Top of Exercise data

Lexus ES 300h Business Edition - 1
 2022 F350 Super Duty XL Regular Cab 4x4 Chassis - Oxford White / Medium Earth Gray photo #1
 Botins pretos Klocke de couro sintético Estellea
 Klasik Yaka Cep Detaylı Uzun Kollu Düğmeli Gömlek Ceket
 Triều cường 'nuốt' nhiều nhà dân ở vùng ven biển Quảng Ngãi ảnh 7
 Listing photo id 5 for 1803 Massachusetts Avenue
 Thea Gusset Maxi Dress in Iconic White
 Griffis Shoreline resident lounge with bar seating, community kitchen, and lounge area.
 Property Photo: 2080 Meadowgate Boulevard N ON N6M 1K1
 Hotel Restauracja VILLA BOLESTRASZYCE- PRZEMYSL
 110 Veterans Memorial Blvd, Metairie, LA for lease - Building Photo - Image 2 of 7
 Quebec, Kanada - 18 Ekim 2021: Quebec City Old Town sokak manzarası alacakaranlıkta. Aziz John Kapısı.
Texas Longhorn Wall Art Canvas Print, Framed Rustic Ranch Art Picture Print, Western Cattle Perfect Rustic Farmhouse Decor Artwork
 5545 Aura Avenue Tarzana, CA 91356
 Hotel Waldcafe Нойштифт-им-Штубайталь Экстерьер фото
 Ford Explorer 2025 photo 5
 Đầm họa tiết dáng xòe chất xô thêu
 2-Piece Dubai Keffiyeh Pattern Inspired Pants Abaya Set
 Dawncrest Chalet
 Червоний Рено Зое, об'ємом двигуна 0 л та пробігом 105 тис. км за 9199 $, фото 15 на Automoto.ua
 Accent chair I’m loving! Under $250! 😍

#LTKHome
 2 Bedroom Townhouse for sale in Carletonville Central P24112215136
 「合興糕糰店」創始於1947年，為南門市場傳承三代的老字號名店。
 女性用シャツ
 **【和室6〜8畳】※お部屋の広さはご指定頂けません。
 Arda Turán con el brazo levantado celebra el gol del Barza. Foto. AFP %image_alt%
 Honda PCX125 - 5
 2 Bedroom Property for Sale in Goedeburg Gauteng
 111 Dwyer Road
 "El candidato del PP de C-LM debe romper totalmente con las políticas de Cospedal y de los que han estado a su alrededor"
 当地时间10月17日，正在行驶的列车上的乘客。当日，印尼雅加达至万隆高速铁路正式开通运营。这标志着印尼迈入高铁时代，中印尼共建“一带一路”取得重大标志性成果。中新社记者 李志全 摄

Bottom of Exercise data

## Work instruction
All lines from the one holding "Hotel Waldcafe Нойштифт-им-Штубайталь" through the end of the entries need to be given again exactly. Leave out the others.

## Answer section
 Hotel Waldcafe Нойштифт-им-Штубайталь Экстерьер фото
 Ford Explorer 2025 photo 5
 Đầm họa tiết dáng xòe chất xô thêu
 2-Piece Dubai Keffiyeh Pattern Inspired Pants Abaya Set
 Dawncrest Chalet
 Червоний Рено Зое, об'ємом двигуна 0 л та пробігом 105 тис. км за 9199 $, фото 15 на Automoto.ua
 Accent chair I’m loving! Under $250! 😍

#LTKHome
 2 Bedroom Townhouse for sale in Carletonville Central P24112215136
 「合興糕糰店」創始於1947年，為南門市場傳承三代的老字號名店。
 女性用シャツ
 **【和室6〜8畳】※お部屋の広さはご指定頂けません。
 Arda Turán con el brazo levantado celebra el gol del Barza. Foto. AFP %image_alt%
 Honda PCX125 - 5
 2 Bedroom Property for Sale in Goedeburg Gauteng
 111 Dwyer Road
 "El candidato del PP de C-LM debe romper totalmente con las políticas de Cospedal y de los que han estado a su alrededor"
 当地时间10月17日，正在行驶的列车上的乘客。当日，印尼雅加达至万隆高速铁路正式开通运营。这标志着印尼迈入高铁时代，中印尼共建“一带一路”取得重大标志性成果。中新社记者 李志全 摄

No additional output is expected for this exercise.